Shakespeare in the garden.
My father taught me to read using Tolkien.
As a start to this blog, that is, I think, the most powerful statement I can make. About the sort of person I am, the sort of parent my father was, and about the sort of expectations that were put on me from a young age.
I don’t remember those early readings – apparently my father started the second my eyes began to focus – but I do know that from the age of three or four I could read. And not just read, I could comprehend what I was reading, and I could read upside down.
I honestly think my love of reading and above average intelligence was fostered and encouraged by my father reading me those beautiful books as soon as I could look at a page. But as I said, I don’t remember.
What I do remember is sitting in the garden, on my dads knee, the sun in my hair and the world smelling hot and dusty, as me and my father read the parts in Shakespeare. Macbeth, I think. I can’t have been more than five.
This was a horrible neighbourhood. When we moved there, our welcome was the neighbourhood kids burning down our hedge. It was full of adults and children with no hope, no chances. Poverty choking all the joy from life.

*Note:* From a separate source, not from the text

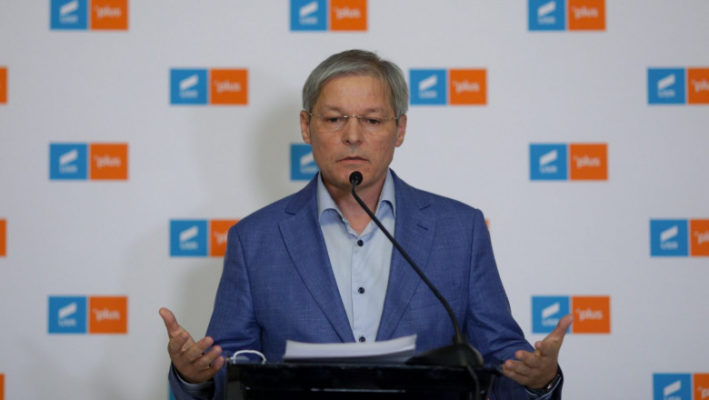 Cioloş: E nevoie de majoritate, nu de armistiţiu; e posibil ca USR să facă parte dintr-un guvern de coaliţie condus de Ciucă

And my father read me Shakespeare in the garden.
As we read, children gathered round us. They’d never seen this, a father reading to his daughter. Imagine it. Never been read to, never seen this simple sign of love. They joined in.
I remember it being fun.
As an adult, I think of it in the light of… hope. Maybe one of these kids got the joy of literature. Maybe they learned in class. Maybe they got out.
I hope so.
This is lovely. My parents never read me Shakespeare, I had to discover him on my own (after reading Romeo and Juliet in school and finding out he had written much better plays), but I do think being read anything helps children learn a love of reading.
I read The Hobbit when I was 8, and loved it. And although I was a teenager when the Harry Potter books came out, I remember my step-mum reading them aloud to my younger step-brothers, and enjoying just listening in. Books become something other when read aloud I think.
This comment was a little rambly. I apologise.
No need to apologise! This is a safe place for rambly.
Yes, books do seem to come alive in reading them aloud, don’t they? When especially stressed (or if I’m finding part of a specific book hard) I often read it aloud to myself. I do this with poetry, too.
The only downside is I find it so relaxing I can’t listen to books on tape or I fall asleep.